Types of Mistake: 3 Major Types of Mistake in Contract Law

In this article, we will be looking at the different types of mistake in the law of contract. Consequently, If you are a law student or a lawyer and you really want to grow you knowledge in contract law, it is very essential that you read this content painstakingly because you are definitely going to learn something new. Basically, this article will highlight the types of mistake in contract law and the legal effect of all the types of mistake.

Types of mistake in Contract law
Types of mistake in Contract law

Also read: Exceptions to privity of contract rule

Introduction

A layman may think that the law will not be enforceable to any contract where one or both of the parties to the contract would not have made the contract had the true facts been realized. But this is not how it works in the law of contract generally. Legal mistakes operates within very narrow limits. It applies only to facts, and even so, only within the narrow area of mistake of facts which are fundamental.

Many writers have adopted different types of mistake in contract law. Treitel identified two broad classifications, viz, mistake which nullifies consent and mistakes which negatives consent. Accordingly, Anson’s Law of Contract and Chitty on Contracts also identify two types which they call mutual mistake and unilateral mistake. Nonetheless, in this article, we will be looking at the three most adopted types of contract for easy understanding.

But before we move to the crux of this article, it is very important to know what a mistake is. Below is a simple definition of mistake as it relates to the law of contract.

What is a mistake in the law of contract?

According to Wikipedia’s article on legal mistake, a mistake is an erroneous belief, at contracting, that certain facts are true.

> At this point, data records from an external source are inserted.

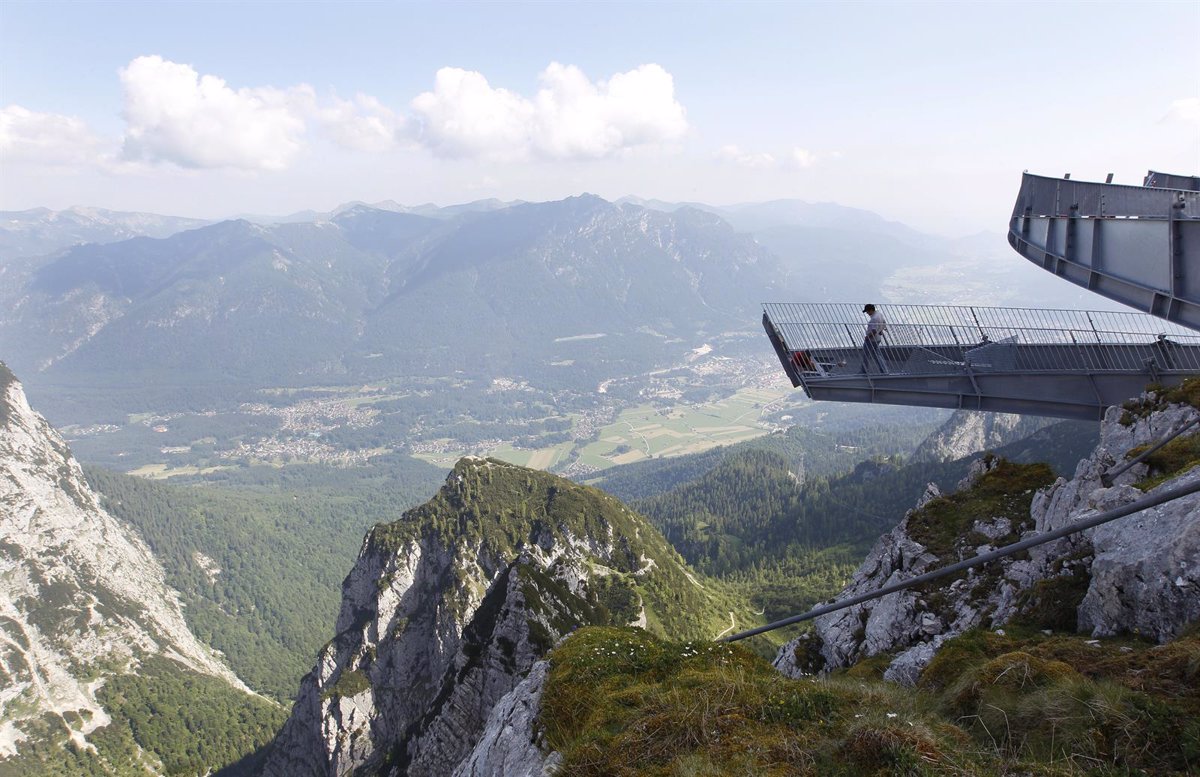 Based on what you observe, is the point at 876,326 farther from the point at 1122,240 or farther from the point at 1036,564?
the point at 1036,564

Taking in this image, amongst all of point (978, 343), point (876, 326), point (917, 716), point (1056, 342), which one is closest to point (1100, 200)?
point (1056, 342)

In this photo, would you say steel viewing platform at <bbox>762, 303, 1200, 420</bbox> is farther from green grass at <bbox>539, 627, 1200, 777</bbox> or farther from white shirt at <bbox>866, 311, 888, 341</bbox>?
green grass at <bbox>539, 627, 1200, 777</bbox>

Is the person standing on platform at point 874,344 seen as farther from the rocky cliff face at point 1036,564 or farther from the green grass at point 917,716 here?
the green grass at point 917,716

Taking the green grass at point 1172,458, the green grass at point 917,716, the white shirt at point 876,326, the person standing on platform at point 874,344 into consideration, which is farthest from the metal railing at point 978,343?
the green grass at point 917,716

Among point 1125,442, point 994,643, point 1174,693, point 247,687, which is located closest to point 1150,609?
point 994,643

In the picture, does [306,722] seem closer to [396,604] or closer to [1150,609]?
[396,604]

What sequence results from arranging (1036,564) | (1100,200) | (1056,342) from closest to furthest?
(1036,564) → (1056,342) → (1100,200) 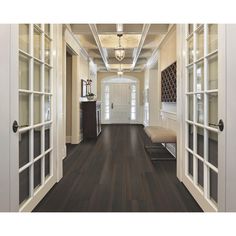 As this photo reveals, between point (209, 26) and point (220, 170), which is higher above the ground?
point (209, 26)

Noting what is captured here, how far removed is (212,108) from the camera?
2.02 m

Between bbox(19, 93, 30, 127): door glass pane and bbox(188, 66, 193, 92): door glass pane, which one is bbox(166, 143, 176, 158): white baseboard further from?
bbox(19, 93, 30, 127): door glass pane

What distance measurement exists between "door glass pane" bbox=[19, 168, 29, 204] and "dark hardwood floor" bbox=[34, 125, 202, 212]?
238 millimetres

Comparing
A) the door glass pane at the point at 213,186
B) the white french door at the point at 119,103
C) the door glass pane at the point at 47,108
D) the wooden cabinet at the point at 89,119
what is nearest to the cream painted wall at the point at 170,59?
the wooden cabinet at the point at 89,119

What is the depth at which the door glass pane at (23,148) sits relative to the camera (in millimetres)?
1912

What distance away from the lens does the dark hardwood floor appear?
2248 mm

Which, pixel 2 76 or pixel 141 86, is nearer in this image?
pixel 2 76

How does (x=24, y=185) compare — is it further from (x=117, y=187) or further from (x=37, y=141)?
(x=117, y=187)

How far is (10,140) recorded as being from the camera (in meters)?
1.58

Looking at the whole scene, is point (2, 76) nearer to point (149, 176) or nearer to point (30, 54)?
point (30, 54)

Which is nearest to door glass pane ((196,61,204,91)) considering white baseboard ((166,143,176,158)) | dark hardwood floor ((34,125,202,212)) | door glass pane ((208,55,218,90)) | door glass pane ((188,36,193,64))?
door glass pane ((208,55,218,90)) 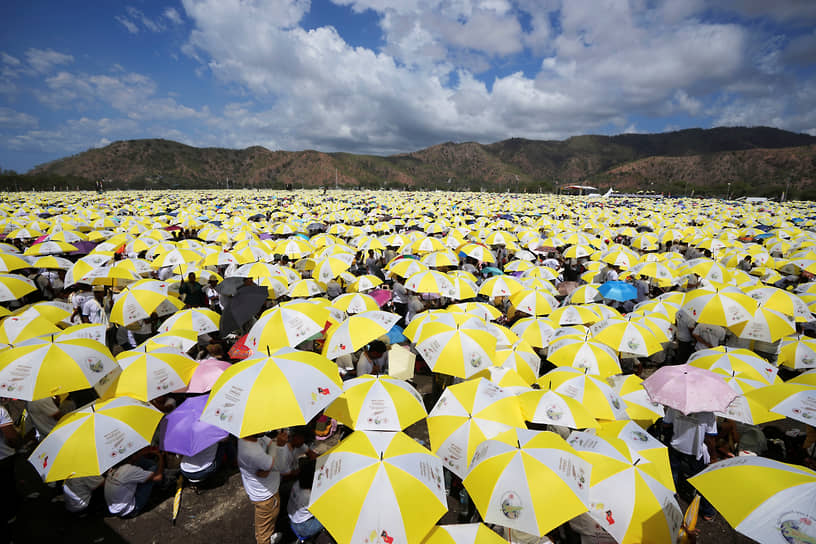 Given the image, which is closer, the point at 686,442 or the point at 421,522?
the point at 421,522

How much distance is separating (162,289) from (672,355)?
11.1 meters

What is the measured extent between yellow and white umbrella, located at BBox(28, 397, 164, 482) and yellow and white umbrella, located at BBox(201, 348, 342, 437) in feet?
3.45

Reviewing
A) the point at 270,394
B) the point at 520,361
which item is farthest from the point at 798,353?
the point at 270,394

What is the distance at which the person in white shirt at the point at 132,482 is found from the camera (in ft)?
13.6

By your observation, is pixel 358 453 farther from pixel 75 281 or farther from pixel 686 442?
pixel 75 281

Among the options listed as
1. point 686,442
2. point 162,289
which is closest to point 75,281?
point 162,289

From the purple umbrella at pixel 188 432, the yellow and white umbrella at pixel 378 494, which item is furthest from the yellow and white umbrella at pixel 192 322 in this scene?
the yellow and white umbrella at pixel 378 494

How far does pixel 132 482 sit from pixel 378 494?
3.64 metres

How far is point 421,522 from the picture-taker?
2.67m

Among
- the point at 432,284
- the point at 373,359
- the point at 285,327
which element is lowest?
the point at 373,359

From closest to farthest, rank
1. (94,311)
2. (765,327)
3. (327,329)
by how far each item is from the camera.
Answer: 1. (765,327)
2. (327,329)
3. (94,311)

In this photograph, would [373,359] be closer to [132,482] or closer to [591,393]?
[591,393]

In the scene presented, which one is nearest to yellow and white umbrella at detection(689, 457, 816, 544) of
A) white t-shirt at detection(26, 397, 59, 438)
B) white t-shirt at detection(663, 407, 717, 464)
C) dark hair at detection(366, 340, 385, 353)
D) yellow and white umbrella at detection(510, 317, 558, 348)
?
white t-shirt at detection(663, 407, 717, 464)

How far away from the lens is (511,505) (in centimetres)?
277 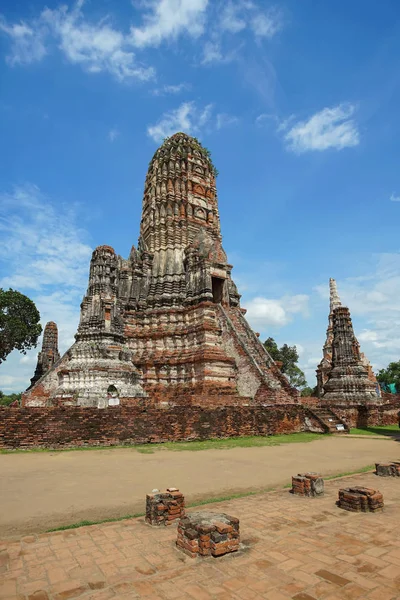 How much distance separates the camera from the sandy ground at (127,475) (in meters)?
5.19

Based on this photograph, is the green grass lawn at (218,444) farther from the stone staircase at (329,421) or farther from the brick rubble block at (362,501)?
the brick rubble block at (362,501)

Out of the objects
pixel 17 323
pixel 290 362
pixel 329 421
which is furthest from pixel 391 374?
pixel 17 323

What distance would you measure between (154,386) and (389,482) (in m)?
14.9

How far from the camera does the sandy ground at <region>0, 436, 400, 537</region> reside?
519 cm

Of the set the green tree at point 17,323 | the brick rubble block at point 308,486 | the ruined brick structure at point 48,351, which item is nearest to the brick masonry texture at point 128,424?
the brick rubble block at point 308,486

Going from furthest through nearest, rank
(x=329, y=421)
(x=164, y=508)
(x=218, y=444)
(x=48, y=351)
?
(x=48, y=351) < (x=329, y=421) < (x=218, y=444) < (x=164, y=508)

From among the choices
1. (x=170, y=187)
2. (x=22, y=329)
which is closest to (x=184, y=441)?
(x=170, y=187)

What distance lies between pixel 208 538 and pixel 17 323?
3182cm

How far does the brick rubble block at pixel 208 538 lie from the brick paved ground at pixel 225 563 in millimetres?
83

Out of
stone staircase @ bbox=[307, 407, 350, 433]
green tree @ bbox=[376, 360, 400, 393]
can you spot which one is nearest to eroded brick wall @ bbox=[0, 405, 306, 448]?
stone staircase @ bbox=[307, 407, 350, 433]

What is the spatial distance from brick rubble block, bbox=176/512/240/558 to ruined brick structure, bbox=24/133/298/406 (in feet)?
41.2

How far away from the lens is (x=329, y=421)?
17078mm

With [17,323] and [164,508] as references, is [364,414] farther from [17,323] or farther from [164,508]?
[17,323]

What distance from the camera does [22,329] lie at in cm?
3138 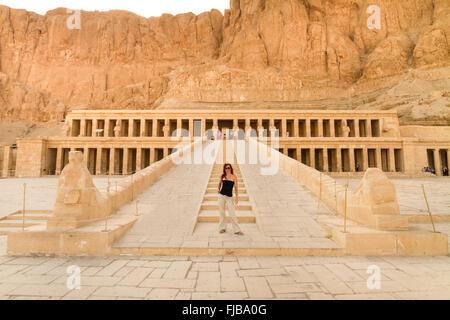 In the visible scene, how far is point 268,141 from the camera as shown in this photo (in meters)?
24.2

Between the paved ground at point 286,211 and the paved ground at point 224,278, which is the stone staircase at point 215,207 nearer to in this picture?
the paved ground at point 286,211

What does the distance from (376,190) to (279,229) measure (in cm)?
220

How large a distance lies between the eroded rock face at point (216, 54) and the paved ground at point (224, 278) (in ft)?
139

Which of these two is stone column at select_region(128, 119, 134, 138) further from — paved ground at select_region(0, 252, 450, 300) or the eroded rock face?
paved ground at select_region(0, 252, 450, 300)

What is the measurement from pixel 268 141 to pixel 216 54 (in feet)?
133

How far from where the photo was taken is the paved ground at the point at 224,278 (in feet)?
10.5

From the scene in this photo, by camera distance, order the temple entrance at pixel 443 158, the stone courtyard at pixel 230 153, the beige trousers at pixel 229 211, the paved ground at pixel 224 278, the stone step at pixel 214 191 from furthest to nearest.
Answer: the temple entrance at pixel 443 158 → the stone step at pixel 214 191 → the beige trousers at pixel 229 211 → the stone courtyard at pixel 230 153 → the paved ground at pixel 224 278

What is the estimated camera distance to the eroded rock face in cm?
4466

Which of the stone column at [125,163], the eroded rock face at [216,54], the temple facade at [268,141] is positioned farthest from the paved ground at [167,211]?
the eroded rock face at [216,54]

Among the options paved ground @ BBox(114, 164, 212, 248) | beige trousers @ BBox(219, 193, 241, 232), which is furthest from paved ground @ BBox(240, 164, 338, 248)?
paved ground @ BBox(114, 164, 212, 248)

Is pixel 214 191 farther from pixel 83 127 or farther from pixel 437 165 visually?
pixel 83 127

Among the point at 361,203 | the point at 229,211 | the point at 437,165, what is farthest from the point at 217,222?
the point at 437,165

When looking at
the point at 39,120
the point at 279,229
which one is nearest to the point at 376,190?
the point at 279,229

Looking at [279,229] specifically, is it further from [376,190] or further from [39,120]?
[39,120] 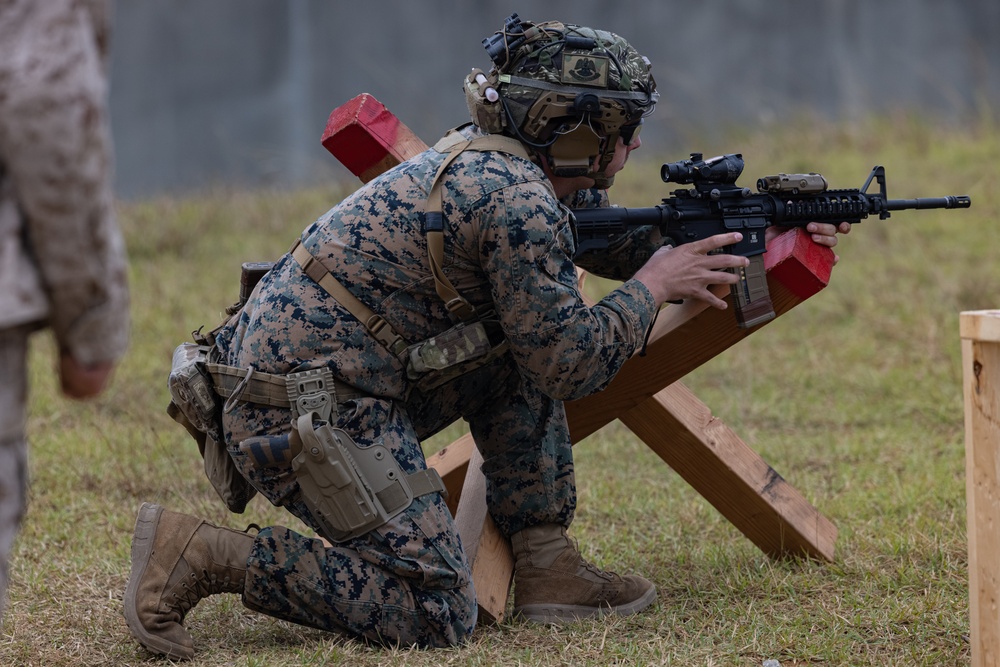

When there is a mistake in a contract, the court can declare the contract void ab initio (from inception) or voidable, or in some cases give and equitable remedy. This shows that not every legal mistake will totally put an end to the contract. As we continue, you will see other equitable remedies where there is a mistake in contract.

Effect of mistake in the law of contract

At common law proof of legal mistake renders the contract void ab initio. That being the case, money paid under the agreement may be recovered as money had and received. Such an action lies in Quasi-contract. It means that the money is paid without a corresponding consideration for it, since the contract under which the payment is made is a nullity.

Furthermore, property transferred under a contract vitiated by mistake is recoverable from the transferee. It is recoverable since the contract under which it is transferred is void. The transferee gets no title to the property. If he keeps it, he does so without any right. This may be illustrated by the case of Cundy v Lindsell [1878] 3 AC 459. There are also other leading contract cases on this principle.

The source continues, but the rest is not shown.